Genel
CHP iktidara sordu: 75 milyar deprem vergisi nerede?
Düzce’de meydana gelen 5.9’luk depremin ardından ‘deprem vergisi’ olarak bilinen Özel İletişim Vergisi yeniden gündeme geldi. CHP’li Ayhan Barut, “Marmara’da…
Düzce’de meydana gelen 5.9’luk depremin ardından ‘deprem vergisi’ olarak bilinen Özel İletişim Vergisi yeniden gündeme geldi. CHP’li Ayhan Barut, “Marmara’da 1999 yılında meydana gelen depremden sonra yaraları sarmak için, etkin önlem almak için 75 milyar para toplandı. Bu 75 milyar nerede?” dedi.
TBMM Genel Kurulu’nda, bugün, CHP Grubu’nun; “depreme karşı önlem alınması, deprem toplanma alanlarının tespiti, gerekli bölgelere toplantı alanları yapılması, eksikliklerin giderilmesi, depreme dayanıklılığı bulunmayan binaların saptanması” için verdiği Meclis Araştırma Önergesi’nin gündeme alınması önerisi görüşüldü. CHP Grubu’nun önerisi, AK Parti ve MHP milletvekillerinin oyları ile reddedildi.
CHP’nin önerisi üzerine konuşan CHP Adana Milletvekili Ayhan Barut, öneri üzerinde yaptığı konuşmada şunları söyledi:
75 milyar deprem vergisi nerede?
“Ne yazık ki ülkemiz yüzölçümünün yüzde 42’si birinci deprem kuşağı bölgesindedir. Bu gerçeğe rağmen yeterli ve etkin önlem alınmadığı için yıllar içerisinde meydana gelen depremlerde büyük acılar yaşadık, hâlen de yaşamaya devam ediyoruz.

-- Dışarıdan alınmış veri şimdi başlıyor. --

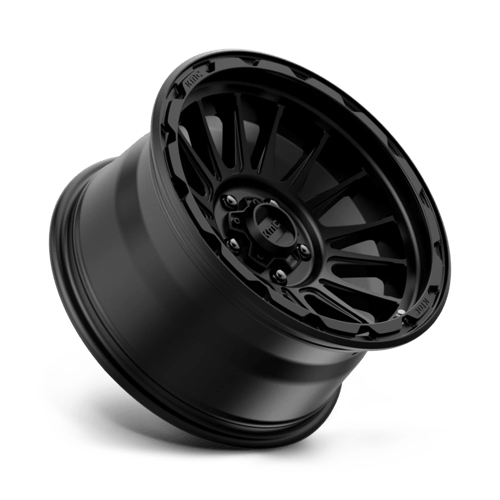 17X9 KMC KM542 IMPACT SATIN BLACK 5X127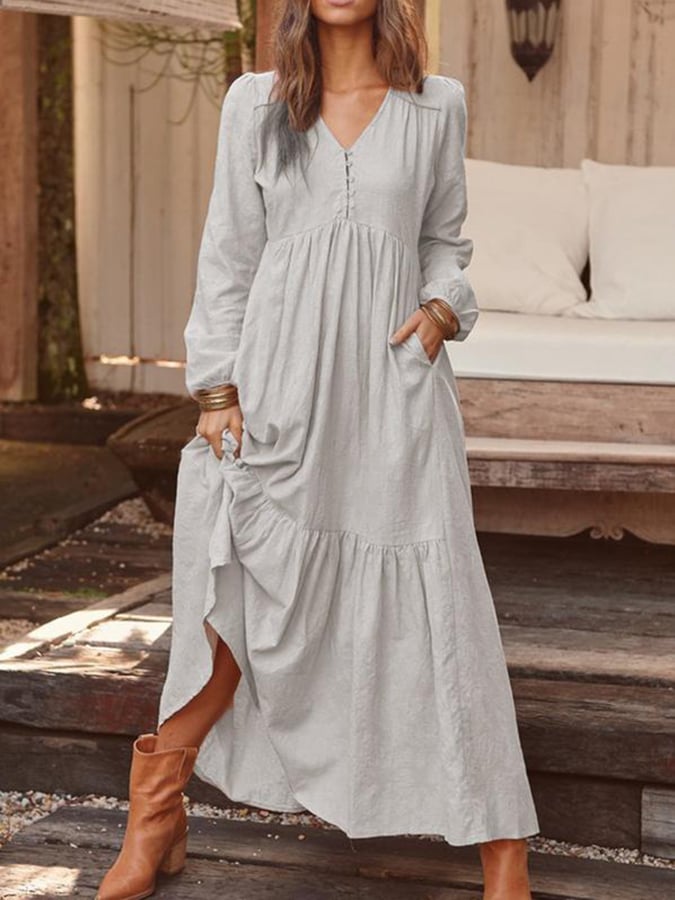 Cadence - Elegantes Bloom Kleid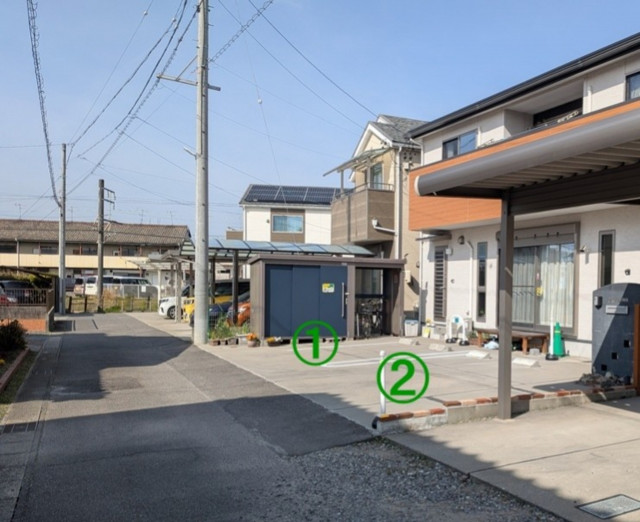 三河高浜駅_H邸☆第②_駐車場の駐車場写真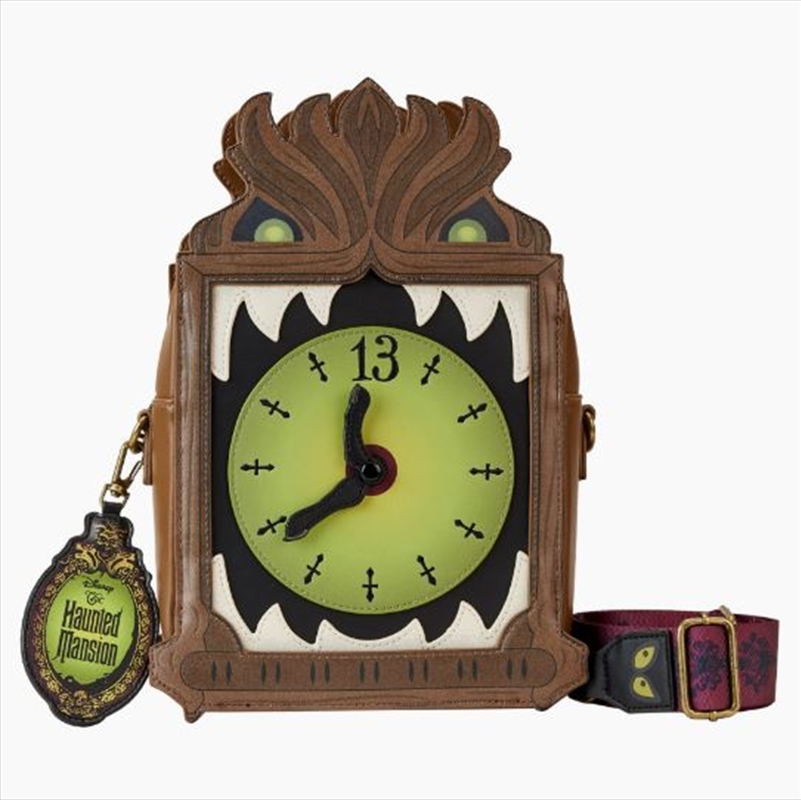 Loungefly Disney's Haunted Mansion - Clock Crossbody/Product Detail/Bags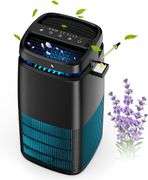 POMORON 4-in-1 Air Purifier, 1250 Ft Coverage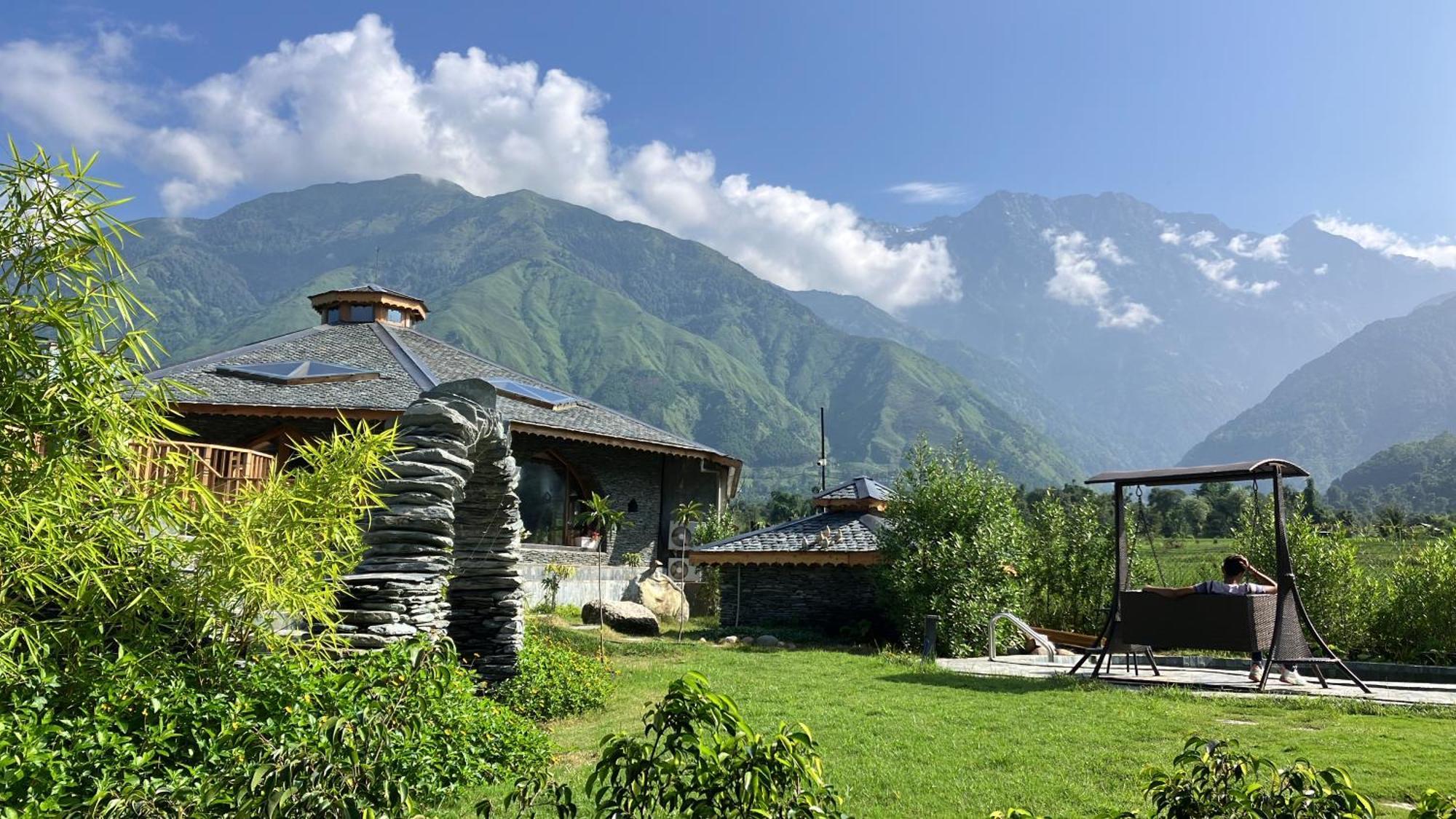 Osho Himalayas Wellness Resort Kangra Bagian luar foto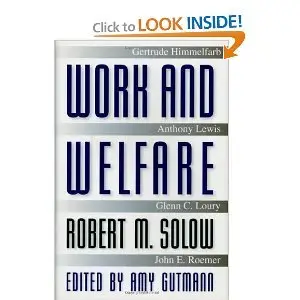 Work and Welfare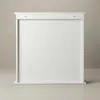 Wisząca szafka łazienkowa z lustrem LUMA, 56 x 13 x 58 cm Podgląd zdjęcia produktu 5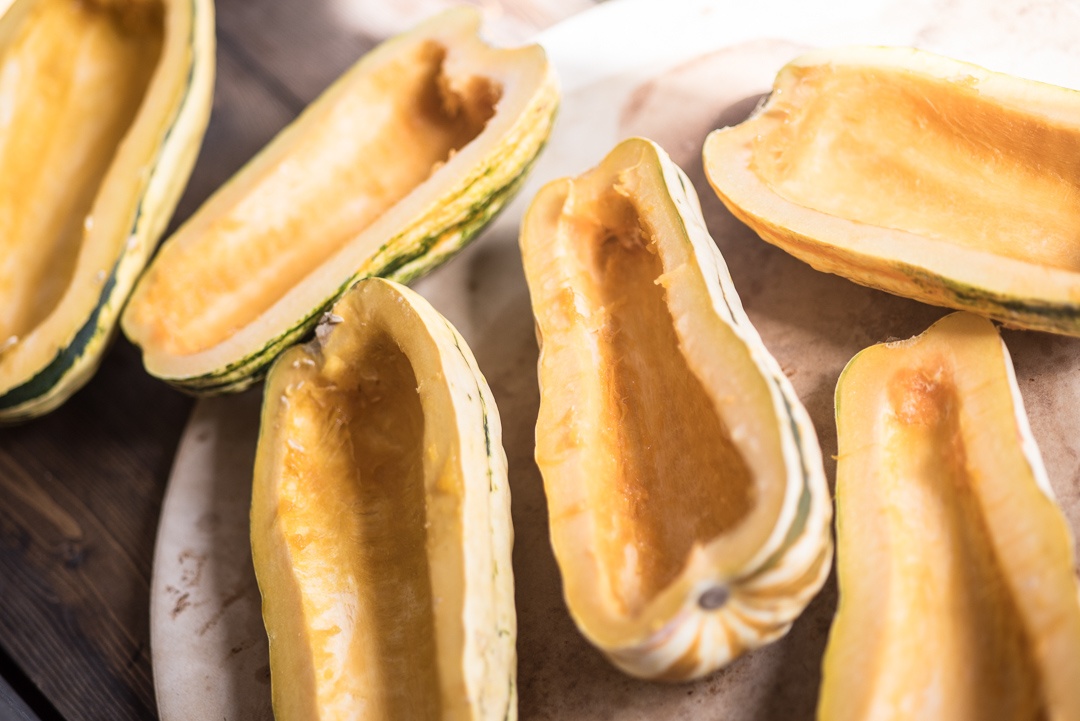 Boston Organics - Delicata Squash Boston Organics - Delicata Squash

Bu depremlerde yaşanan can ve mal kayıpları ülkemizin depreme hazır olmadığını çok acı bir biçimde göstermiştir.
Marmara’da 1999 yılında meydana gelen ve büyük can kaybı ve büyük yıkıma neden olan bu depremden sonra yaraları sarmak için, etkin önlem almak için çıkarılan, herkesin deprem vergisi olarak bildiği düzenleme kapsamında bugüne kadar 75 milyar para toplandı.

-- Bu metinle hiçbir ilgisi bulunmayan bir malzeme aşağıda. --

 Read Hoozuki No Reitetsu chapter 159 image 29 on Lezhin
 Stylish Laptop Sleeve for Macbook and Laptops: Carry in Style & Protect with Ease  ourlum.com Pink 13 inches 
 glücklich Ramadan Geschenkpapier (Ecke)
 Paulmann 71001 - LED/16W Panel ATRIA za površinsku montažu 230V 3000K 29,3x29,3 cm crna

Buradan soruyorum: Bu 75 milyar para nerede? Bu paranın akıbeti ne oldu? Bu parayı kimlere, nerelere, nasıl harcadınız? Bu konuda mutlak surette Meclise, yüce millete hesap vermek zorundasınız.”
“1939 Erzincan depreminden 1999 Marmara depremine kadar geçen sürede 100 binden fazla insanımızı kaybettik.

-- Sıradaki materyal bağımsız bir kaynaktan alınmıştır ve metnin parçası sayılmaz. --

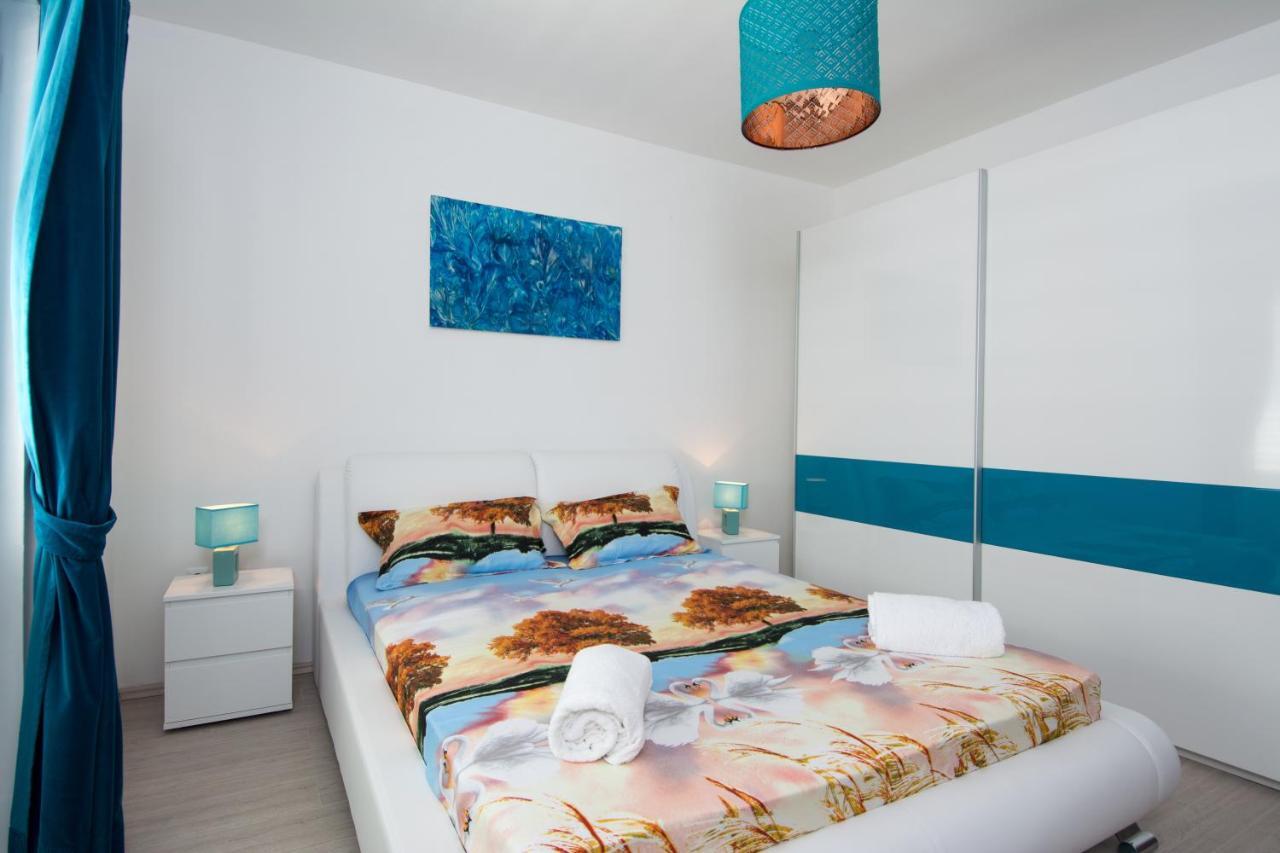 Lux apartman s pogledom na more Trogir Exterior foto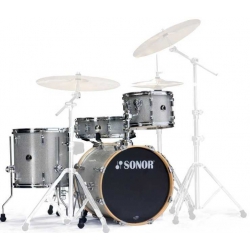 Sonor Bop SSE12 Special Edition Silver Galaxy Sparkle Davul Seti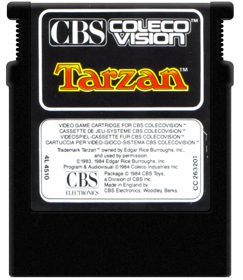 Tarzan: From Out of the Jungle - Cart - Front (Europe) - 600x692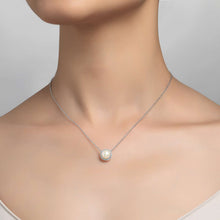 Load image into Gallery viewer, Cultured Freshwater Pearl Necklace-N0029CLP
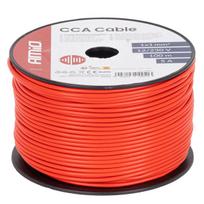Viengyslis CCA kabelis, raudonas, 1x1mm² 100m 5A 12/230V AMIO-04451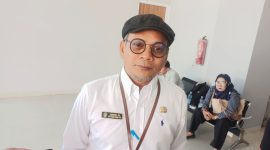 Ket. Foto: Kepala UPTD Pengelolaan Prasarana dan Olahraga (PPO) Dispora Kaltim, Junaidi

Eğer etkin bir önlem alınsaydı, bugüne kadar yeterli adımlar atılsaydı biz, 17 bin 480 canımızı yitirdiğimiz 1999 depreminden sonra Ege depremi nedeniyle İzmir’de 117 yurttaşımızı, Elâzığ’da 41 vatandaşımızı belki de kaybetmeyecektik; canlarımız solmayacak, büyük hasar almayacaktık.
Deprem gerçeğine karşın etkin önlem alınması ve harekete geçirilmesi için yaptığımız çağrılarımız maalesef karşılıksız kalıyor, büyük acı ve yıkıma yol açıyor. Depremlerle ilgili önlem yerine yeşil alanların imara açıldığını, deprem alanında kullanılacak toplanma alanlarının da ranta kurban edildiğini iktidarınız döneminde görüyoruz.
Depremle ilgili verdiğimiz kanun tekliflerimiz reddediliyor, soru önergelerimiz yanıtsız kalıyor, araştırma önergelerimiz ise Meclisin tozlu raflarında maalesef bekletiliyor.”
“Deprem konusu siyasetin malzemesi olmaz, olmamalıdır da. Bu acı gerçek karşısında bile AKP iktidarı oralı olmuyor ve acılara göz yumuyor. Herkesin bildiği bir gerçek var ki deprem ve diğer doğal olaylar insan eliyle afete dönüşmektedir.
Bugün ülkemizin 18 kentinde, 502 mahalle ve köyünde, 80 ilçemizde yüzlerce yerleşim yerlerimiz doğrudan fay hatları üzerinde bulunuyor. Bu acı gerçekle depremde daha büyük acıların yaşanabileceğini, felaketin yaşanabileceğini gösteriyor.”